Data flows one way through these layers. Email enters at the Gmail API. Each layer handles it locally. Outputs (summaries, drafts, alerts) stay on your machine or go back to your Gmail account as draft-only content. Nothing goes to an outside AI API. The only network calls the system makes are to Google’s servers for email retrieval and to your local Ollama instance (loopback, 127.0.0.1:11434) for inference.

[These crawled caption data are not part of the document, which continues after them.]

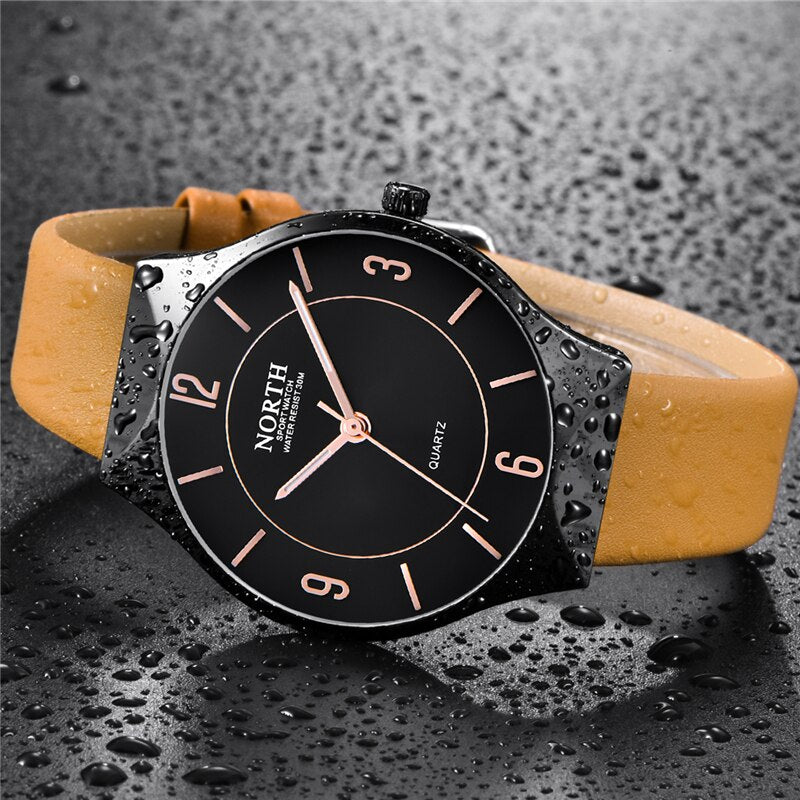 NORTH Fashion Mens Watches Top Brand Luxury Quartz Watch Men Casual Leather Waterproof Sport Watch Male Clock Relogio Masculino - testgreenapp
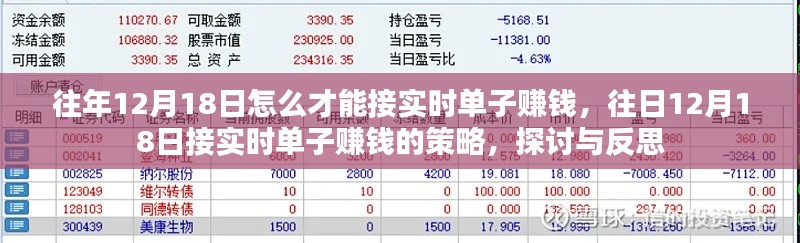 往年12月18日实时赚钱策略,接单的探讨与反思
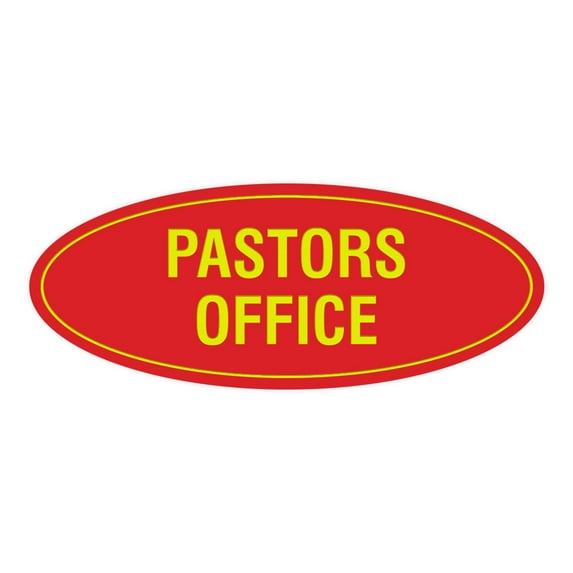 Oval Pastors Office Sign (Red/Yellow) - Large 3.6x9"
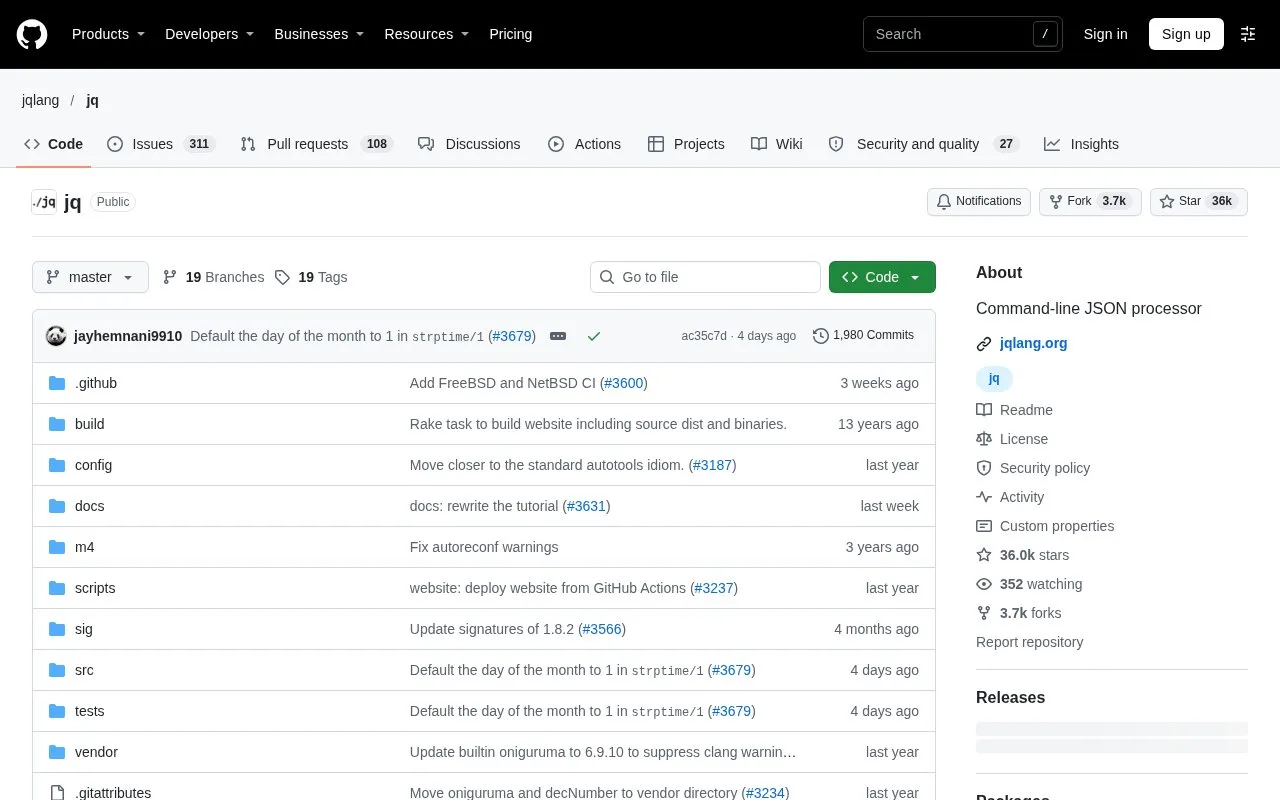 Screenshot of the jq homepage
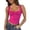 Hot Pink-#002, variant on Womens Sleeveless Crop Tank Top Pleated Sweetheart Neck Sexy Strappy Camisole Vacation Streetwear Slim Fit Trendy Crop Tops,Black S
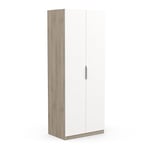 Demeyere 391380 Armoire avec Penderie 2 Portes 1 Niche Moderne – Coloris Chêne Kronberg & Blanc Mat-79, Bois d'ingénierie, Gris, 79,4 x 51,1 x 203 cm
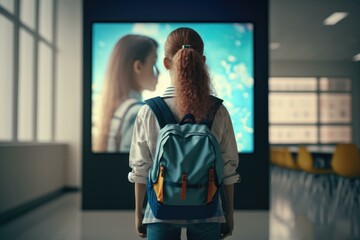 Poster - A Woman With A Backpack Looking At A Television Movie Theater Advertising Photography Influencer Marketing  Generative AI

This setup is easy to extend. Adding an unsubscribe action is simple. After tagging an email as “Newsletter” with high confidence, call users.messages.modify to apply an “ARCHIVE” label and pull it from the inbox. Adding Outlook/Exchange support means swapping the Gmail API client for an IMAP connection via Python’s imaplib. The preprocessing, intelligence, and output layers don’t change, because they work on plain text no matter the source. The local-first design means each new feature you add inherits the privacy traits of the rest of the system for free.

The cost to set this up runs about two to three hours of initial config. It pays back fast if you get a lot of email and used to lean on cloud AI tools to handle it. More to the point: you get a clear view of what those tools were doing with your data. And you get a working alternative that doesn’t rely on a third party’s privacy policy.